STRESS inadvertently promoted black political power, and the abolishment of the STRESS unit initiated the beginning of bringing black people into the police department.

This matters in a larger context than simply the immediate implications of STRESS. This unit instigated the mayoral campaign and eventual candidacy of Mayor Coleman Young, who would go on to spend the next 20 years fighting for black rights and reframing the relationship between the police force and the black community. While the STRESS campaign was important on its own in terms of the individuals killed or families of these individuals, it became radically important for the cultural shift that Mayor Coleman Young would facilitate.

The global context of this campaign changed the trajectory of black political and professional power and opportunity.

African-American social advances 

In light of the event, faults in the existing system became apparent and measures were taken to solve the problems. In 1970, First Independence National Bank (now First Independence Bank) gave African Americans capital which was generally inaccessible due to redlining; this provided social mobility and better living conditions.

Others worked with the government to understand the problem, and this research provided the basis for solutions. Wayne State University partnered with the Department of Health, Education, and Welfare to create the Developmental Career Guidance Project, which studied improving the potential for poor students. Its report helped form the backbone of a number of educational programs. Other efforts to heal came from organizations like the Interfaith Action Council, which sought to bring people of different races and religions together to encourage dialogue about racial inequality.

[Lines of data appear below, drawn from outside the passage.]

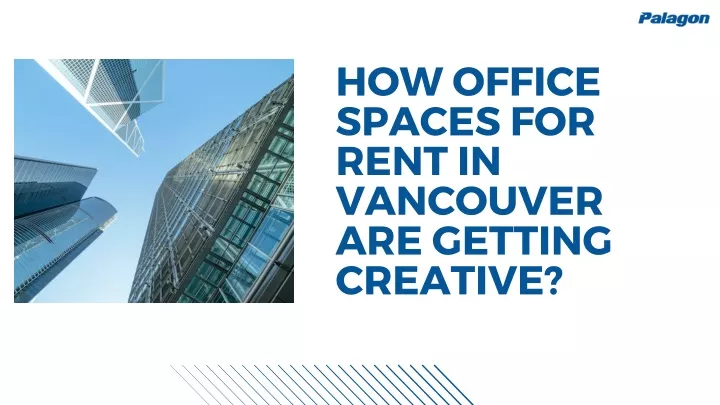 how office spaces for rent in vancouver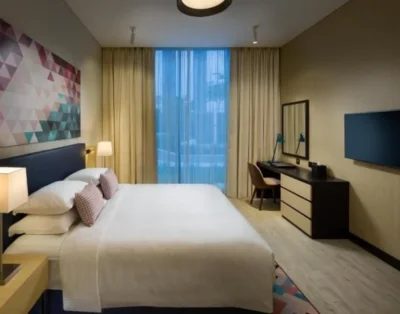 One bedroom apartment for rent in Al Barsha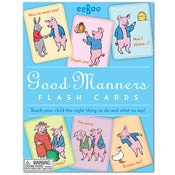Image of GOOD MANNERS FLASHCARDS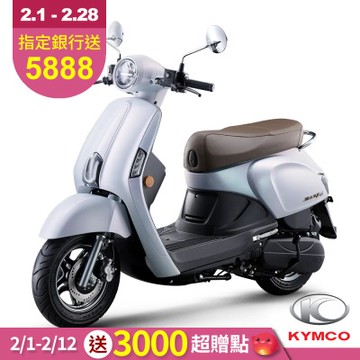KYMCO 光陽 Many LED 125-2025年新車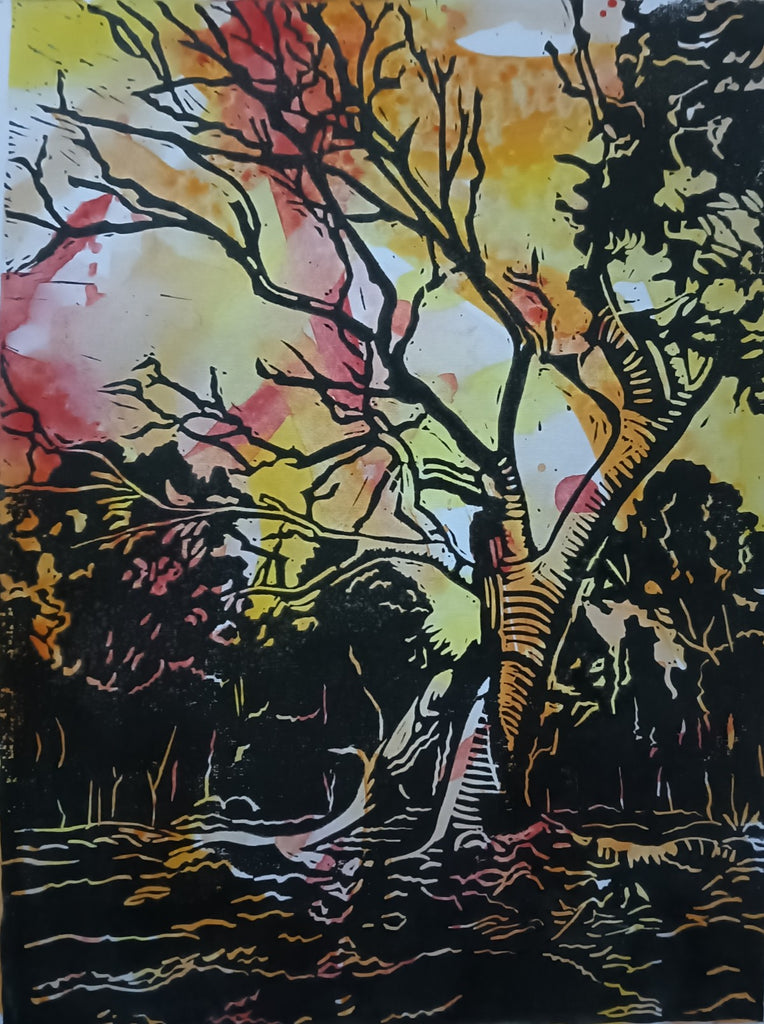 Marjorie "Jamm" Drage | Mixed Media | Autumn Colours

The 1967 uprising inspired active measures to overturn stereotypes and solve day-to-day problems, with African Americans resisting inequality in their lives. William Cunningham and Eleanor Josaitis founded HOPE, an organization which targeted hunger and workplace inequality, in 1968. HOPE evolved to provide skills training for young people. General Baker and Ron March led the Dodge Revolutionary Union Movement, seeking a voice in the workplace; Alvin Bush and Irma Craft guided the Career Development Center to provide basic skills training and job placement; and the Volunteer Placement Corps assisted African Americans to obtain a college education. 
 
The most influential change came from African Americans in powerful positions. The uprising made African Americans the majority in Detroit, and gave them political power. For the first time in the city's history, African Americans could affect municipal policy. Political figures such as Mayor Coleman Young enacted policies which attempted to integrate the city. Young began with changes to the police and fire departments, implementing a two-list system which gave African Americans an equal chance of promotion; his goal was to balance the departments' racial and gender makeup. Young sought the backing of President Jimmy Carter, allowing money to flow into Detroit for improvements in education and housing. In 1972 the Detroit Common Council elected its first African American president, Erma Henderson, who fought insurance redlining and discrimination in the judicial system and public spaces.

Legacy

Public opinion 
A poll conducted by EPIC-MRA, a survey research firm, in July 2016 focused on the evolution of black–white relations since the riots. The poll surveyed 600 residents of Macomb, Oakland, and Wayne counties. The poll took place from July 14–19th, a time period the Detroit Free Press noted was "during the ongoing national furor over police shooting of African-American civilians, and retaliatory attacks on officers in Dallas and Baton Rouge."§

The respondents of the Detroit poll were more optimistic about race relations compared to the national averages. A national Washington Post/ABC News poll found that only 32% of the people they polled believed race relations were good, as opposed to the 56% and 47% of the white and black Detroiters surveyed, respectively. This was unsurprising to Reynold Farley, a retired University of Michigan sociology professor and expert on Detroit racial demographics, "I think it's easier for people in the Detroit area to have some familiarity with race relations than people in a state like Maine, where there's virtually no black population at all and the information comes from seeing violent incidents on television," he explained. In the following question, Farley's claim was validated as the stark contrast in national vs. Detroiter perception of what the future would be like was apparent. As just 10% of those polled by the Washington Post/ABC News believed that race relations we getting better, whereas 33% of white and 22% of black Detroiters thought they had improved over the past 10 years and 50% of white and 41% of blacks believed they would improve over the next five.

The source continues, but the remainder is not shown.